The company, whose net profits compared with 2010’s $451m, also expressed optimism about prospects for the current year, saying volumes for the first two months of 2012 were up 11 per cent year-on-year.
However, DP World’s figures came on the same day that Zim Integrated Shipping, Israel’s biggest container shipping line, announced it suffered a $397m net loss for the year, on revenue up 2 per cent to $3.8bn.
Container terminal operators have benefited from the return to growth in world container trade in the past two years because capacity at some of the most important ports is tight, and growth in Africa, Latin America and many other emerging markets remains strong.

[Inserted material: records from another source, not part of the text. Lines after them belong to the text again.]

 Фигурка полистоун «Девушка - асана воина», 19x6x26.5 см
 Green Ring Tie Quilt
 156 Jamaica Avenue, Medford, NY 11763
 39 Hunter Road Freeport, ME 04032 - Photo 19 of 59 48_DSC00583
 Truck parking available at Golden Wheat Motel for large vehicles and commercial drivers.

Shipping lines, meanwhile, continue to suffer miserable rates per container shipped as deliveries of new ships ordered before the end of the sector’s 2003-08 boom leave many ships without work.
DP World announced in January that its 2011 traffic was 10 per cent up on the previous year, with traffic at its terminals in Africa – in Mozambique, Djibouti, Algeria and Senegal – up 30.5 per cent. In Latin America, where the operator has facilities in the Dominican Republic, Peru, Argentina and Suriname, growth was running at 22 per cent.

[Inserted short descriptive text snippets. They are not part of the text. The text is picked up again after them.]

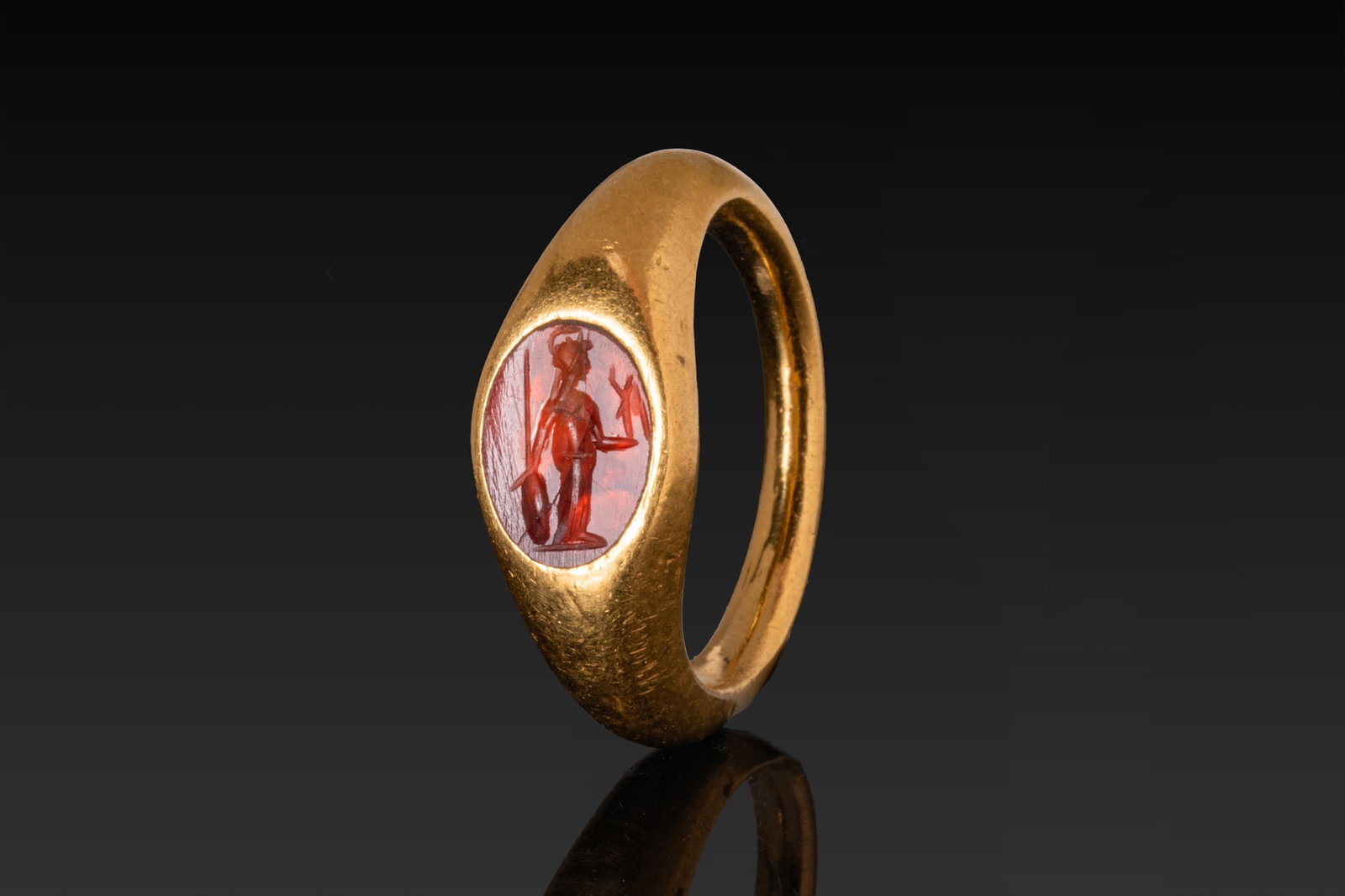 ROMAN HIGH KARAT GOLD RING WITH CARNELIAN INTAGLIO DEPICTING MINERVA HOLDING VICTORY (1 of 11)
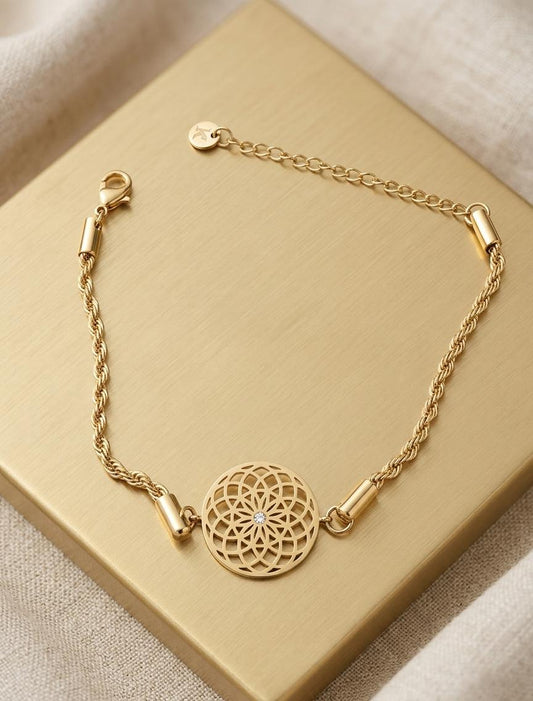 Gold Geometric Floral Charm Bracelet – Anti Tarnish Adjustable Chain Bracelet for Women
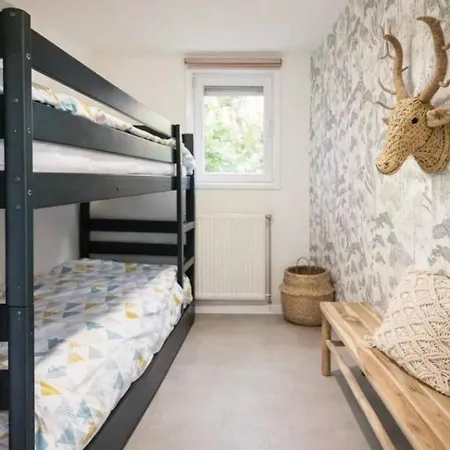 بيت للعطل Natuurhuisje In Het Bos Met Rustige Ligging En Ruime Tuin Stijlvol Ingericht Stayatsas Sam إبّ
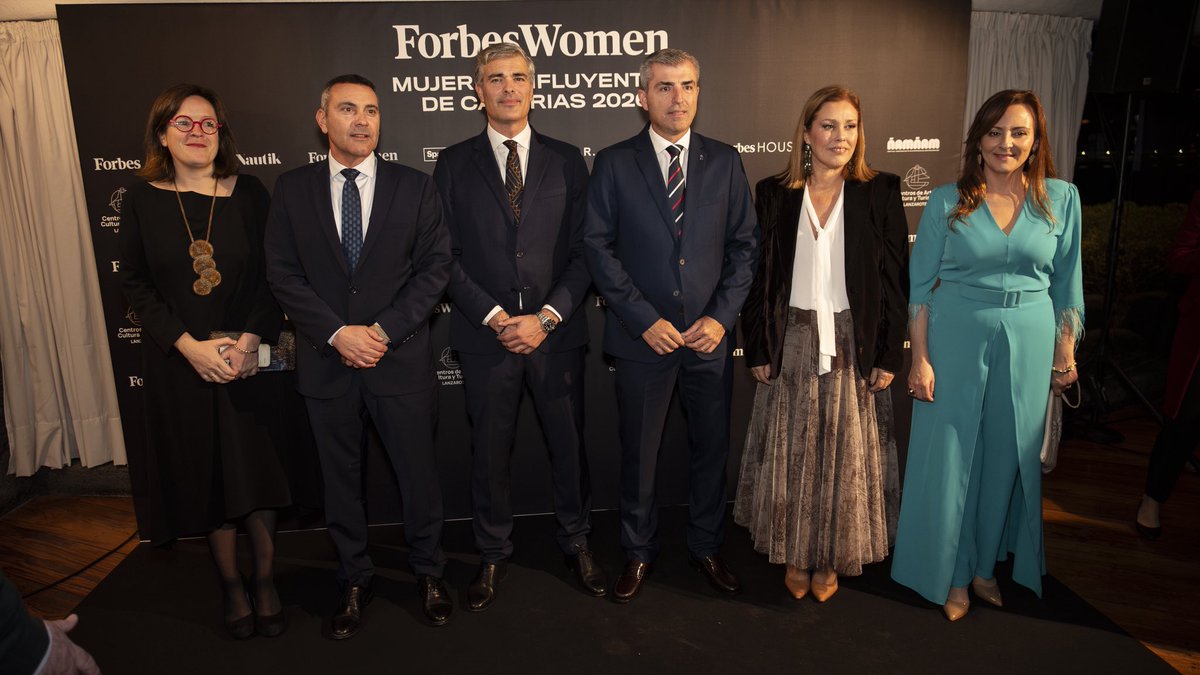 AstridPerezBat's tweet photo. ☺️🔝Es un honor estar en la primera #ListaForbes de Canarias entre las 30 mujeres más influyentes de las islas. Un privilegio que comparto con importantes personalidades de todos los ámbitos, cultura, política o empresarial. No sé muy bien qué significa ser influyente, pero 🧵 https://t.co/tAnF1LSlYq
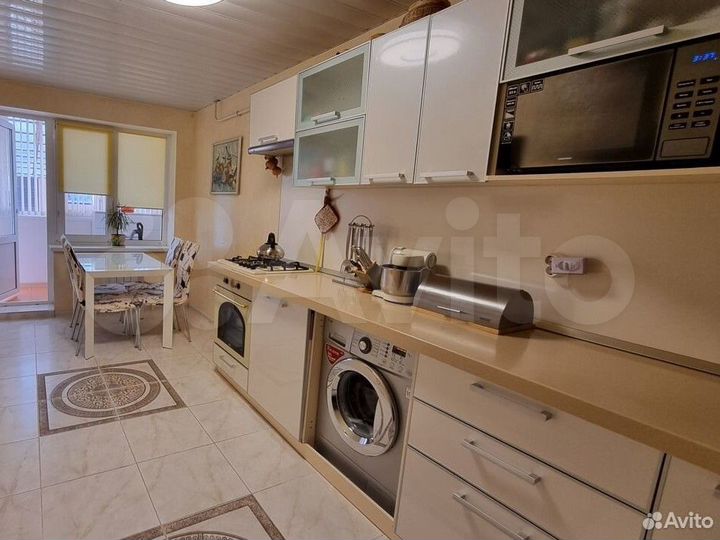 3-к. квартира, 57 м², 1/2 эт.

Emerging markets made up for the far more lacklustre growth at the company’s facilities in Europe and other developed economies. The figures were flattered by a $484m net profit on sales of businesses, mainly the sale of 75 per cent of DP World’s Australian terminals business, and included $244m in writedowns of underperforming assets. Excluding the non-recurring items, the profits would have risen 18 per cent to $532m.
Mohammed Sharaf, chief executive, held up the partial withdrawal from Australia, which freed up cash for investments in faster-growing countries, as an example of the kind of deal the company wanted to do. “Going forward, the focus will continue to be on emerging markets,” he said.

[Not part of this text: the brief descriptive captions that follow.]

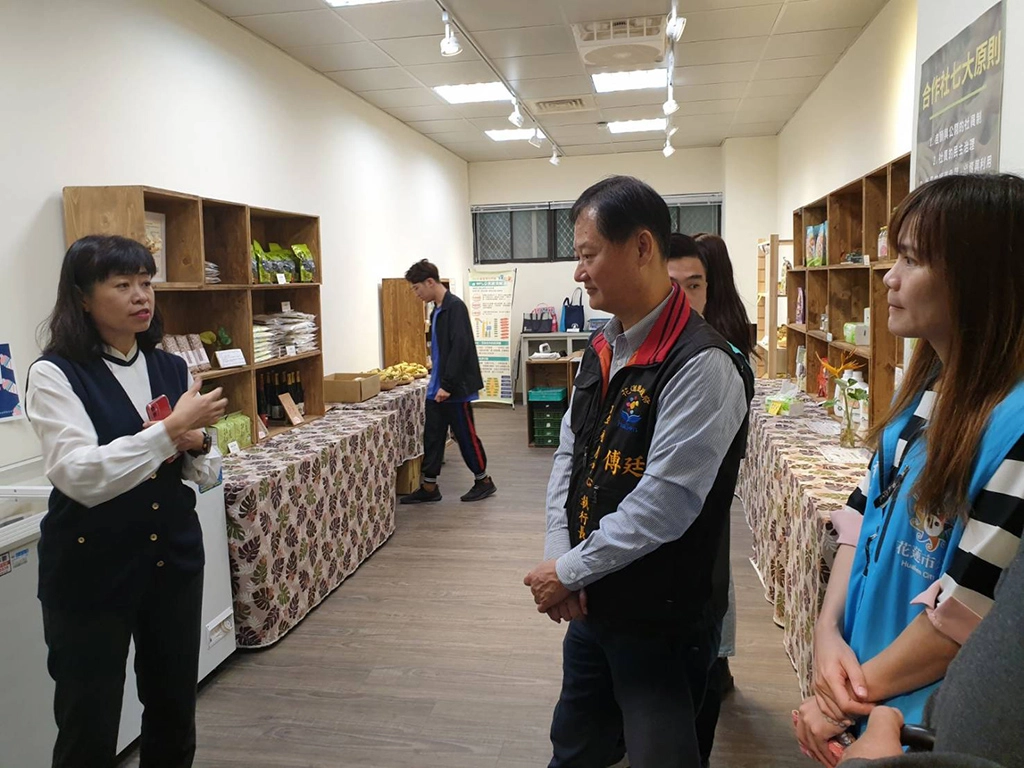 食在永續消費合作社理事長謝婉華老師表示，合作社不只是賣東西而已，還有傳達愛護地球的消費行為。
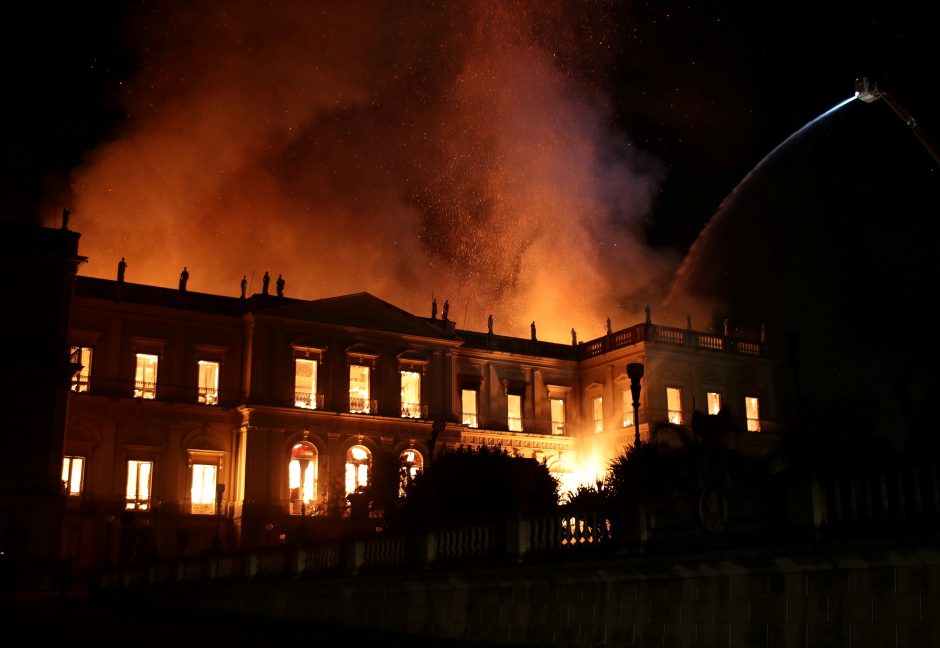 Brazilijos nacionaliniame muziejuje kilo didelis gaisras: išgelbėta dalis eksponatų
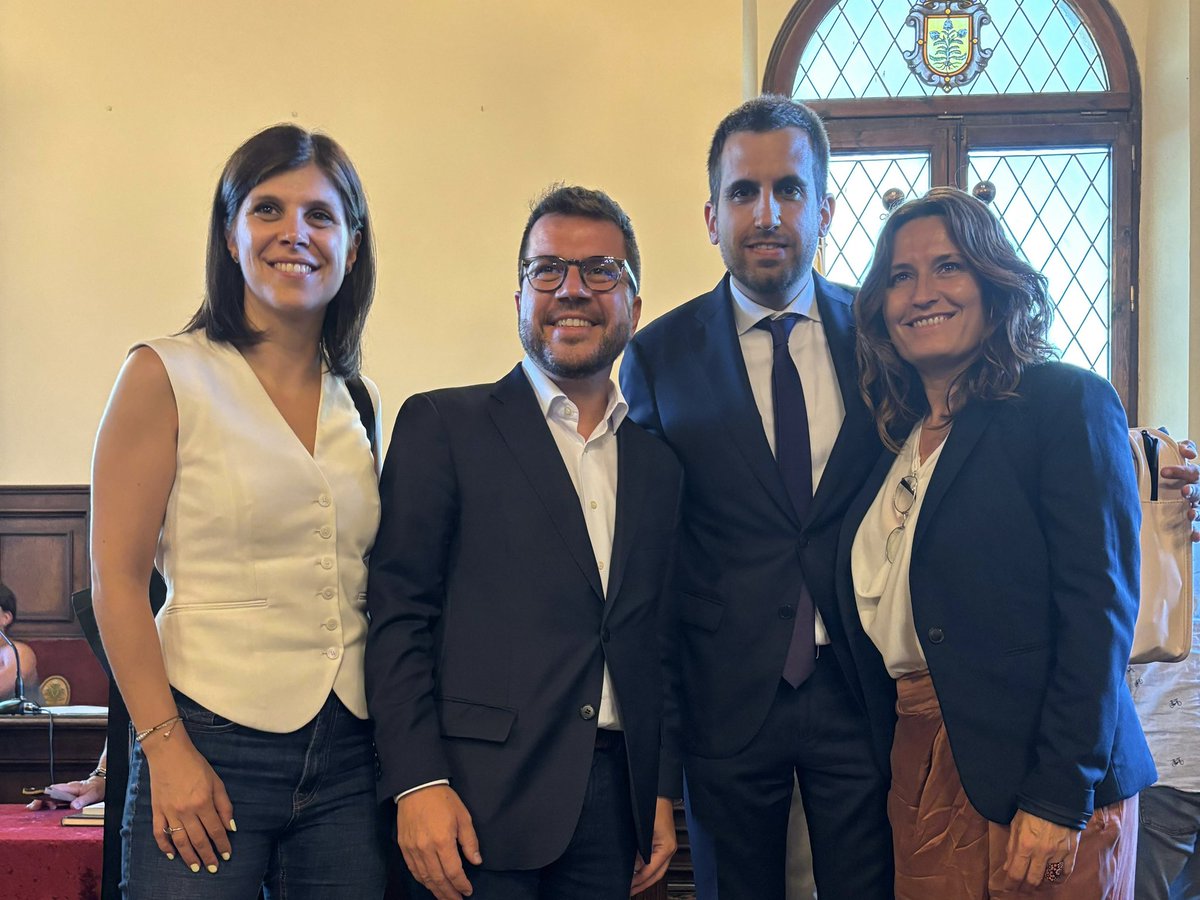Pere Aragonès i Garcia (@perearagones) on Twitter photo En <a href="/ferranestruch/">Ferran Estruch i Torrents</a> ha estat un exemple de servei i compromís en els 14 anys com alcalde de Cardona.
Molta sort en la nova etapa vital, sempre al teu costat! En <a href="/ferranestruch/">Ferran Estruch i Torrents</a> ha estat un exemple de servei i compromís en els 14 anys com alcalde de Cardona.
Molta sort en la nova etapa vital, sempre al teu costat!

The dividend, adjusted for a share consolidation last year, was raised 41 per cent to 24 cents, while earnings per share rose 82 per cent to 82 cents. The shares, quoted in London and on Nasdaq Dubai, rose 25p, or 3.5 per cent, to 742½p.
Zim, controlled by Israel Corporation, a listed company controlled by the Ofer family, experienced a 9 per cent rise in container traffic. Its 2011 figures had reflected overall industry conditions, the company said. But a surge in freight rates in the first months of this year, as well as a financial restructuring, made prospects for this year better.
Rafi Danieli, Zim’s chief executive, said the company was now on a “stable financial basis” and well set for 2012.